Monday, September 22, 2014

What is the best granularity of CouchDB documents?

As many of us, I have a background in relational databases, but here is the time to understand new use cases and new technologies provided by NoSQL databases. There are many flavors of NoSQL databases and I am going to start a series of posts about CouchDB to share my experience on several key subjects. CouchDB is a JSON document database and probably one of the first questions anybody will ask is about the granularity of documents. Is it better to define coarse grain documents with many attributes and sub-objects or to define smaller ones ? In order to answer this question in the context of CouchDB, I will first define the three design forces that must be balanced: unity, size and concurrency.

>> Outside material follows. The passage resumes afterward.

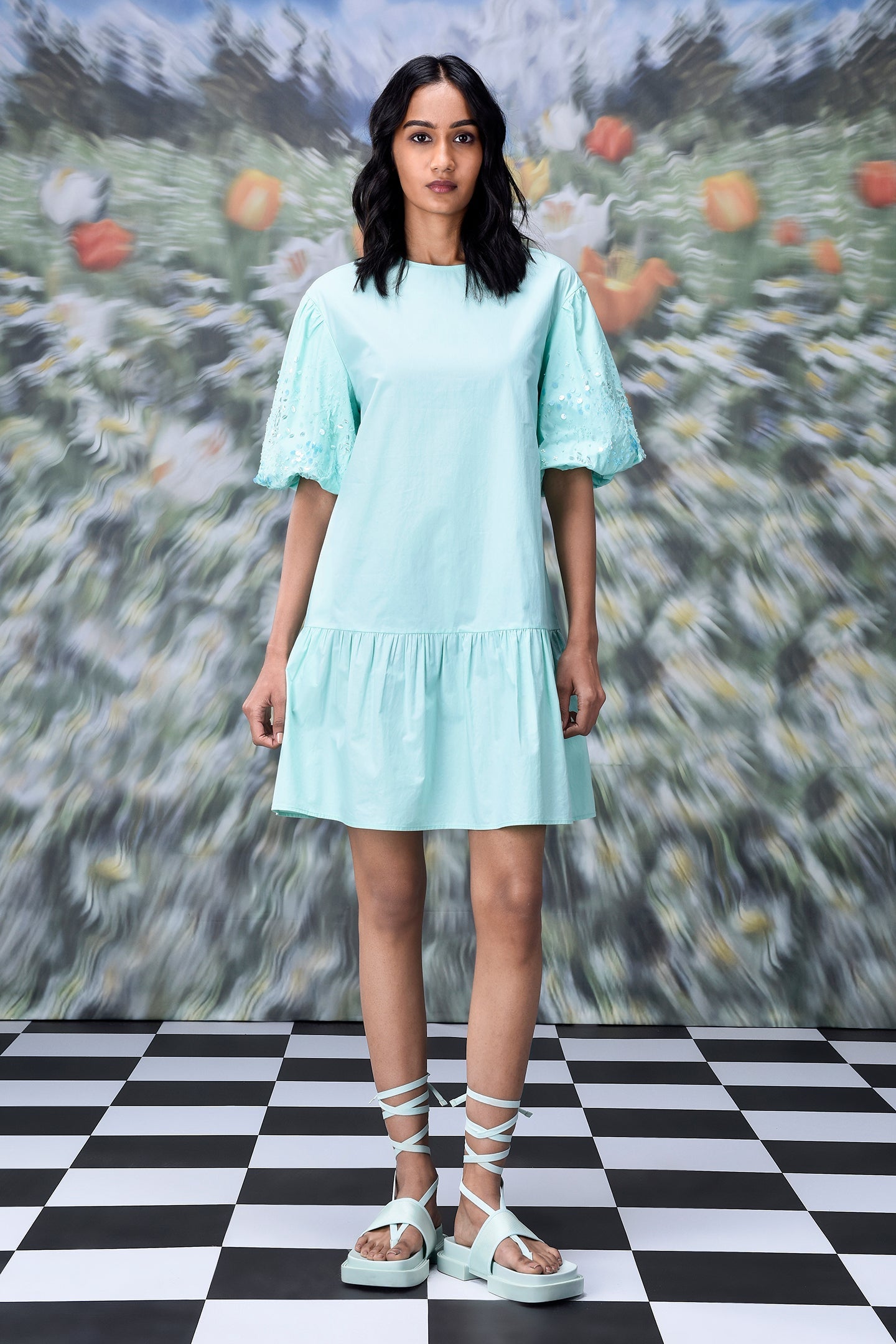 Stylera mint mini dress with lace puff sleeves and ruffle hem trendy sequin dresses for women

The typical design process of a relational database is to start with a well defined entity relation model, then derive the normalized table representation and later on denormalize on a case by case basis for performance reasons. Using the relational model, you end up creating tables with a very fine grained representation and you do not distinguish between tables that would typically be accessed together and the ones that are more distant semantically. The application will have to join data from the tables to get data in a more meaningful way. This is where I see the main advantage of document database because you can keep semantically coupled data together in a single document. This is what I call unity. For example, an order having several line items could be stored like this:

   { _id : "order1",
     type : "order",
     customer : "c1",
     items: [
       {product : "p1", quantity : 1},
       {product : "p2", quantity : 5},
       {product : "p3", quantity : 2}
     ]
   }

The second force that you need to balance is the size of documents. Indeed, each time a document is changed, the whole document must be exchanged between the server and the client. There is no partial update as we can do with MongoDB. It is difficult to define a size limit, but if you have a lot of text for example, then decomposing into smaller document will be better.

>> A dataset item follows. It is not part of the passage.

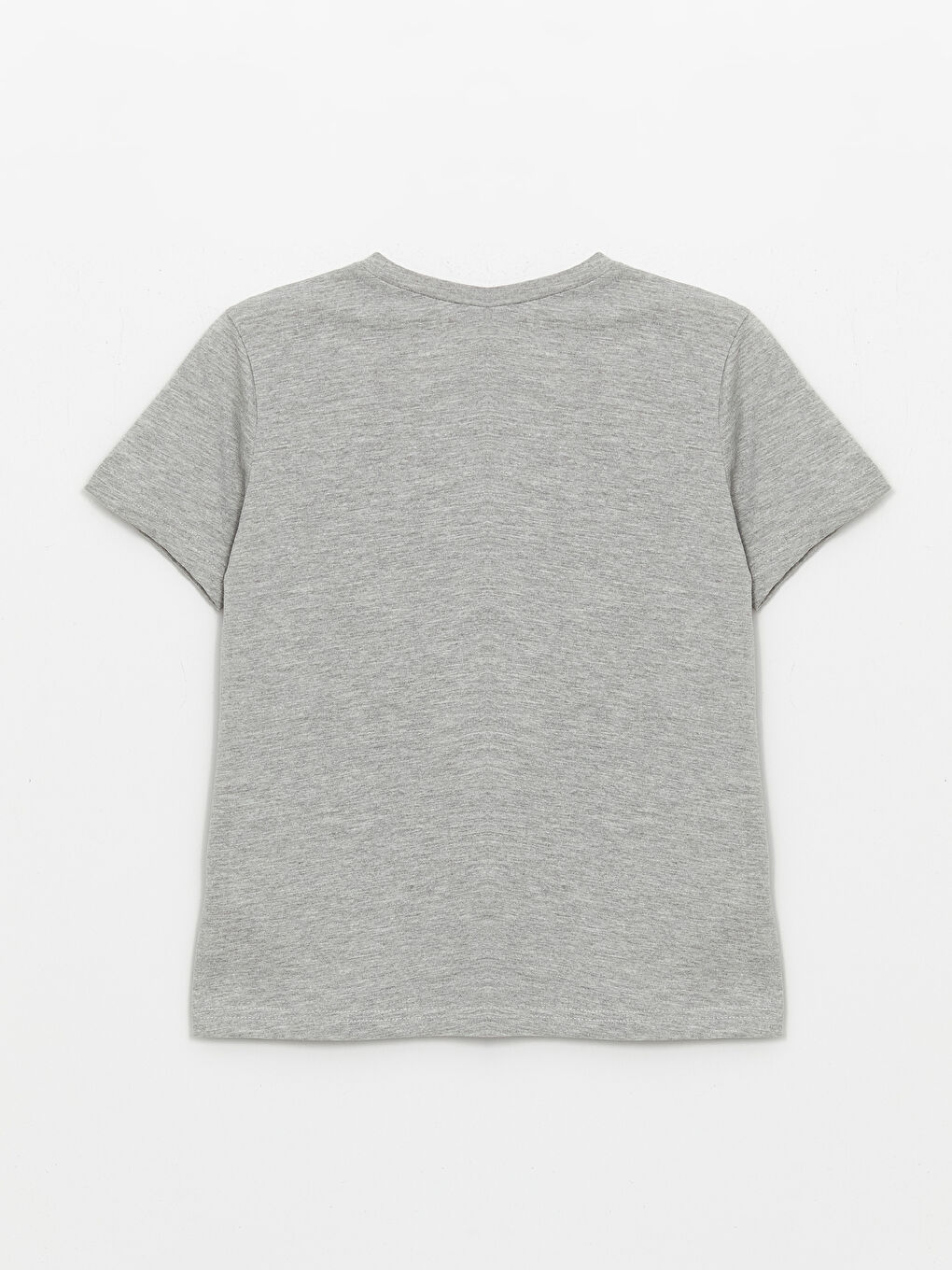 Gri Bisiklet Yaka Tok Kumaş Erkek Çocuk Tişört-3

Finally, you need to think about concurrency. CouchDB concurrency control is based on document revision, and there is no transaction. Each document has a revision and updating a document is just about creating a new document identified by the same id, but having a new revision. When the application needs to update a document, it has to provide the revision it wants to update. If the document has already been changed by the another part of the application, the revision has already been changed and the new update will be rejected with a conflict error. In this case, you may want to retry your updates after having potentially merged with the already updated document. However, having a highly concurrent application updating the same documents is quickly a big problem and will not work. You then have two major options: either you design you application so that you create new document at each update, or you decompose your document based on access patterns. In the latter option, you need to realize that concurrent updates may not always be about the same part of the document, and so decomposing the document into several small documents reduces the conflicts. In the example mentioned above, if line items are frequently changed by different parts of the application concurrently, creating a document for each line item may be necessary. Accessing line items of an order will then require a view that will fetch the items.

   { _id : "order1",
     type : "order",
     customer : "c1"
   }
   { _id : "order1.item1",
     type : "item",
     order: "order1",
     product : "p1", 
     quantity : 1
   }
   { _id : "order1.item2",
     type : "item",
     order: "order1",
     product : "p2", 
     quantity : 5
   }
   { _id : "order1.item3",
     type : "item",
     order: "order1",
     product : "p3", 
     quantity : 2
   }

As you can see, unity and concurrency are conflicting forces in the case of CouchDB. It is not necessarily the case with other document databases. MongoDB has the atomic operation of find-and-modify which helps a lot because you do not need to decompose the updates of a document in two steps: getting the revision, and sending the update. A question is why CouchDB does not provide such an atomic operation?

With this in mind, if the typical size of the data is reasonable, I would recommend to start with coarse grain documents, and decompose on a case by case basis based on concurrency needs. Otherwise, think about smaller documents right away.